_Task to carry out_:
Line count for the string "серый" in the records below: report that figure and nothing else.

##### Given data #####

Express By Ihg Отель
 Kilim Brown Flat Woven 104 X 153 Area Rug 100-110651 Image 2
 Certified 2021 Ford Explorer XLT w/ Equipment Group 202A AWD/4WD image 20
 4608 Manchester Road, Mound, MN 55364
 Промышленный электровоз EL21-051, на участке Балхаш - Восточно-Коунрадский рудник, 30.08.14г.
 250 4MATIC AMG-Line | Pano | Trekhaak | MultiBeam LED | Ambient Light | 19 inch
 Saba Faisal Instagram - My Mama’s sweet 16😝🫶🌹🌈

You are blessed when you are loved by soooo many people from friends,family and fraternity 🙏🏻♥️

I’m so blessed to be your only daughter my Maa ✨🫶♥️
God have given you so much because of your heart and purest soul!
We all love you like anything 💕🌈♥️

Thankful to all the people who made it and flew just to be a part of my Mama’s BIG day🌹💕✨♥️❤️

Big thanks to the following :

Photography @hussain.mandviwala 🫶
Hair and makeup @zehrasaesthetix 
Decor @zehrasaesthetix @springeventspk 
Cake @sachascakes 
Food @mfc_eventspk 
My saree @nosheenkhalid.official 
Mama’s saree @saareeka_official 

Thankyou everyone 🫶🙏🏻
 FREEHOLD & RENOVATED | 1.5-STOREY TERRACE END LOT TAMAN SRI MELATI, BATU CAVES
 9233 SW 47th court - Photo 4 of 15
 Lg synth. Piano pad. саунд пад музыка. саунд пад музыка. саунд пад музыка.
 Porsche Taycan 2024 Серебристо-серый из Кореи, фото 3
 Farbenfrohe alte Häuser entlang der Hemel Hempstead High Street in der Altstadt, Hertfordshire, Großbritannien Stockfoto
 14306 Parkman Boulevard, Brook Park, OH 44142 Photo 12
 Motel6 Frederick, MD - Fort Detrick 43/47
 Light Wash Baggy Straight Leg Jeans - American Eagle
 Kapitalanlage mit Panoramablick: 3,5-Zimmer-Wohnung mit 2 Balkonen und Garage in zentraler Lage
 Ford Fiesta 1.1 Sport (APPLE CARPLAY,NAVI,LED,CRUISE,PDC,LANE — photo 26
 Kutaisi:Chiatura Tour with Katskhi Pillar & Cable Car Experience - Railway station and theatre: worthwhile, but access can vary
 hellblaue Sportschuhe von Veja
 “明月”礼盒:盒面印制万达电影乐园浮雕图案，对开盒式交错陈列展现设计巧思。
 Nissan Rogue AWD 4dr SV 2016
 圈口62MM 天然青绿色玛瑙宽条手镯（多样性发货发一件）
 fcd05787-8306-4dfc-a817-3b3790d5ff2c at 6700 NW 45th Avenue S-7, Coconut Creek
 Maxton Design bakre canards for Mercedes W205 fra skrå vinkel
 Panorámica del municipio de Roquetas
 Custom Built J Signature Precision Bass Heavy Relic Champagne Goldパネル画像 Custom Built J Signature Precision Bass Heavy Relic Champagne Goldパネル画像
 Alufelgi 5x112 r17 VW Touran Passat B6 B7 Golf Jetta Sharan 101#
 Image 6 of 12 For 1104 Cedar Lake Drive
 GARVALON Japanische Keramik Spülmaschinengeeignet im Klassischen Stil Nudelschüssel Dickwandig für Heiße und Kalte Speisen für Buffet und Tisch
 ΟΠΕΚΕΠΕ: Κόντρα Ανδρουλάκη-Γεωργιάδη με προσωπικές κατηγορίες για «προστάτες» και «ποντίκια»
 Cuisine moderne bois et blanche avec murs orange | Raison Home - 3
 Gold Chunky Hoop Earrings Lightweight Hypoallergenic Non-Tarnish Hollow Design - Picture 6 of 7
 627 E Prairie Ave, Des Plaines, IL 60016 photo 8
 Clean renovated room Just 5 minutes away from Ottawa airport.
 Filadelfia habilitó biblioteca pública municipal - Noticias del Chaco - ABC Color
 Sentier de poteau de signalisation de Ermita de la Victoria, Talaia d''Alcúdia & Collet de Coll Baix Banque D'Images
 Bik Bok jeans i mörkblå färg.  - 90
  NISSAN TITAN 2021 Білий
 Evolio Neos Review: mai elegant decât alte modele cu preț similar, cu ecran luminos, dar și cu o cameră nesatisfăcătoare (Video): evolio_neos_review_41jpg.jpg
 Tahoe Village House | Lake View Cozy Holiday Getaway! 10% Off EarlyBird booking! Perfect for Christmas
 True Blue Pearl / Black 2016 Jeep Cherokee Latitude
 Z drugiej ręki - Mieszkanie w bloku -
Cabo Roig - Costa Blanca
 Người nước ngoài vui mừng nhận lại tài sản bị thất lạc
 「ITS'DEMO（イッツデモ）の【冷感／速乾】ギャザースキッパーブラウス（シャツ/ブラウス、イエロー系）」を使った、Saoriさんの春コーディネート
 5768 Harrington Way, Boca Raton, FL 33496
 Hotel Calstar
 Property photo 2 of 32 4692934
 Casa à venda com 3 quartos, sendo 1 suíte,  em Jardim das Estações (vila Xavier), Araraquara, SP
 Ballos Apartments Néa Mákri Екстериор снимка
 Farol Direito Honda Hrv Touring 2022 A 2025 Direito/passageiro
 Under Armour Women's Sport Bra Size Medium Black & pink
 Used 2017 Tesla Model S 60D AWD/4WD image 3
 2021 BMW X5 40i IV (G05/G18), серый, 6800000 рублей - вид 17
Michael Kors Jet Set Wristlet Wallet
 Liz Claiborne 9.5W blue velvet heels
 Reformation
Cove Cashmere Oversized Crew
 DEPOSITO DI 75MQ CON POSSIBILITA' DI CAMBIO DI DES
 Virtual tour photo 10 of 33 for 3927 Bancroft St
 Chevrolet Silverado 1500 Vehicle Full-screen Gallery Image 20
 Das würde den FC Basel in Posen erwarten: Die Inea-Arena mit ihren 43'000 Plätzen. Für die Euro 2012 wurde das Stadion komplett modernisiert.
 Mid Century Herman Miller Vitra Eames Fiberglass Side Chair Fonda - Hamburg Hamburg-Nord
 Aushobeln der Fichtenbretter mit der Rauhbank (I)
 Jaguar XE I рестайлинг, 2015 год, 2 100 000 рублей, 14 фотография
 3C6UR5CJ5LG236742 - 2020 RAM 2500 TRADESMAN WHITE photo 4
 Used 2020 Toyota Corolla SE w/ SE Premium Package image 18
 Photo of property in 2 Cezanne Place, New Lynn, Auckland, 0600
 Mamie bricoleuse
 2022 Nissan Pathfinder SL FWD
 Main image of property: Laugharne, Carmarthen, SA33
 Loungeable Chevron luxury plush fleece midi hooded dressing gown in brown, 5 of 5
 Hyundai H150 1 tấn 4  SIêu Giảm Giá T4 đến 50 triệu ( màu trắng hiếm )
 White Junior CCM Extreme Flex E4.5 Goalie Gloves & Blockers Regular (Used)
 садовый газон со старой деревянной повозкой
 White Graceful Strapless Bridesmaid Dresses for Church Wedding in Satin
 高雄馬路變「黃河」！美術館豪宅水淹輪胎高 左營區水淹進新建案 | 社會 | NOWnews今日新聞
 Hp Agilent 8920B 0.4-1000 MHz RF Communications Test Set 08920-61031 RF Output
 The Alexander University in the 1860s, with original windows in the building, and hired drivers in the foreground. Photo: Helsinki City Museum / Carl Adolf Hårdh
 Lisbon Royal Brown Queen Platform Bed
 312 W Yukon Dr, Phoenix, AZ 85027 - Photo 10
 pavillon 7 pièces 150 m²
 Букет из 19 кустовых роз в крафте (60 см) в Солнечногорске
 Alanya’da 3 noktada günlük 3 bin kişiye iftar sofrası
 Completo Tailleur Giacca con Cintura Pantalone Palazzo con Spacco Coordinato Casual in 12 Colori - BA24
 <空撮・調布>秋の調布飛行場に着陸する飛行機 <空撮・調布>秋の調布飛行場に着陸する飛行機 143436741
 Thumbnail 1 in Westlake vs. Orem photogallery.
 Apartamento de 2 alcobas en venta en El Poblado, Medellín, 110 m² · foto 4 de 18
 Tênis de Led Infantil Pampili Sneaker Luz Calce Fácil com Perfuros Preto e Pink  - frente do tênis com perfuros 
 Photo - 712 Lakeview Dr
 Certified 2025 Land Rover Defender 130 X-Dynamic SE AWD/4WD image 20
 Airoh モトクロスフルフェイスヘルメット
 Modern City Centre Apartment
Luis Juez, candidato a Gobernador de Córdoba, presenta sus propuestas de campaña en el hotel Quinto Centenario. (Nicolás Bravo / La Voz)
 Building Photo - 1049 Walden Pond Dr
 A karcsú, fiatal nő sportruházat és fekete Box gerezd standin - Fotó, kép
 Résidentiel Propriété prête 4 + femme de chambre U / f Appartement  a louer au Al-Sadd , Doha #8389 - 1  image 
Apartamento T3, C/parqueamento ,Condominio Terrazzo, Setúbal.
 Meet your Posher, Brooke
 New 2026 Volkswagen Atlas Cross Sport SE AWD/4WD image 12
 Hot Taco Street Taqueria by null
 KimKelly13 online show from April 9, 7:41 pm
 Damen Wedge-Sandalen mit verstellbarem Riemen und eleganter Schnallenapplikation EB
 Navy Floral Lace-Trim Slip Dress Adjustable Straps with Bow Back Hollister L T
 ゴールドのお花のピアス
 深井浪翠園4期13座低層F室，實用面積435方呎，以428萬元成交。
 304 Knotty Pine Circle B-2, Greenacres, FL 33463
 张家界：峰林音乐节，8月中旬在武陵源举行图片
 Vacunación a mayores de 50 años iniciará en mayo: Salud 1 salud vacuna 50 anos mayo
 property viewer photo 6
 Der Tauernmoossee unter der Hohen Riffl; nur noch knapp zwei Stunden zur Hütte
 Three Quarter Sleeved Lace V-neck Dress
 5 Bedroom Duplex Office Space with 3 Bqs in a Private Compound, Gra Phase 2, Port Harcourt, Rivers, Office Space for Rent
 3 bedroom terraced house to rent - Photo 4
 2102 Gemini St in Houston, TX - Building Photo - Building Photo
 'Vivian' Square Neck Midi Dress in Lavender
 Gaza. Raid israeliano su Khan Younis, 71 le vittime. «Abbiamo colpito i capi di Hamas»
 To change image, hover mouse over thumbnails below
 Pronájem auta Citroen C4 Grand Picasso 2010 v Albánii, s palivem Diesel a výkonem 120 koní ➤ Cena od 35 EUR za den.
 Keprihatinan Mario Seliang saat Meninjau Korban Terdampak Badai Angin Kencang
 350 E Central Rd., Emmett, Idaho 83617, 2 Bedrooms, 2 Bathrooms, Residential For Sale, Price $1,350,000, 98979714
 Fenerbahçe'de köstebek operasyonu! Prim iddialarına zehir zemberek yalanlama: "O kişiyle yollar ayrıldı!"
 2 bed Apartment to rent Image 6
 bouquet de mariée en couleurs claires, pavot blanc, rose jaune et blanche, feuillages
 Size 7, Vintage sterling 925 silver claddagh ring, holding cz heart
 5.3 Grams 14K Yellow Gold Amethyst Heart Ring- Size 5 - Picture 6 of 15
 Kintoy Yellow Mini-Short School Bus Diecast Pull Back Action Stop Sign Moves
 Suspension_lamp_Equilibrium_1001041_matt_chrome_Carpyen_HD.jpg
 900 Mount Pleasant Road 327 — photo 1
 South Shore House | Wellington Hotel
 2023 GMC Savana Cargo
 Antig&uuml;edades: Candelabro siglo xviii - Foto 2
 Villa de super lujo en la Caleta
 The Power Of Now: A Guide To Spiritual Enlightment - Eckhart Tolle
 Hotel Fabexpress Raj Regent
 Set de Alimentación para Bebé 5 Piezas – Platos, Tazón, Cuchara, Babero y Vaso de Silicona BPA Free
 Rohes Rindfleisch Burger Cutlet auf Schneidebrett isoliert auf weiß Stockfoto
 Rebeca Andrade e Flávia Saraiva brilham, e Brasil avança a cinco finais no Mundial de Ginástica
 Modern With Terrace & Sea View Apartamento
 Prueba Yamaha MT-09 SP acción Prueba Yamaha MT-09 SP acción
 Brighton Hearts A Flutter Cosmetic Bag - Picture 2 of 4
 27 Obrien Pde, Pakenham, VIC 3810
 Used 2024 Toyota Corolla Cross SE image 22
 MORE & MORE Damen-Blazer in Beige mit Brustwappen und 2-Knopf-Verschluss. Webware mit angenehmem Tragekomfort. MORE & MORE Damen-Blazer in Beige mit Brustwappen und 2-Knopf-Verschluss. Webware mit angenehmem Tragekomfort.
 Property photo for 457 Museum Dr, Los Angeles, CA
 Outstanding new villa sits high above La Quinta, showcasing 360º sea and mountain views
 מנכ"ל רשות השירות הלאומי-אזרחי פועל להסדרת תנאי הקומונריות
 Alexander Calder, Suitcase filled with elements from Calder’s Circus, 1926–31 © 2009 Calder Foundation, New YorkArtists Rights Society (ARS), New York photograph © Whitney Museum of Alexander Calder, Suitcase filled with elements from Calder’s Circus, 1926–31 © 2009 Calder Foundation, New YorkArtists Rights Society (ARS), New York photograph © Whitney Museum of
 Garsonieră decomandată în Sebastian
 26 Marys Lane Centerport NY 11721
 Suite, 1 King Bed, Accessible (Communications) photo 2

#####

_Completed task_:
2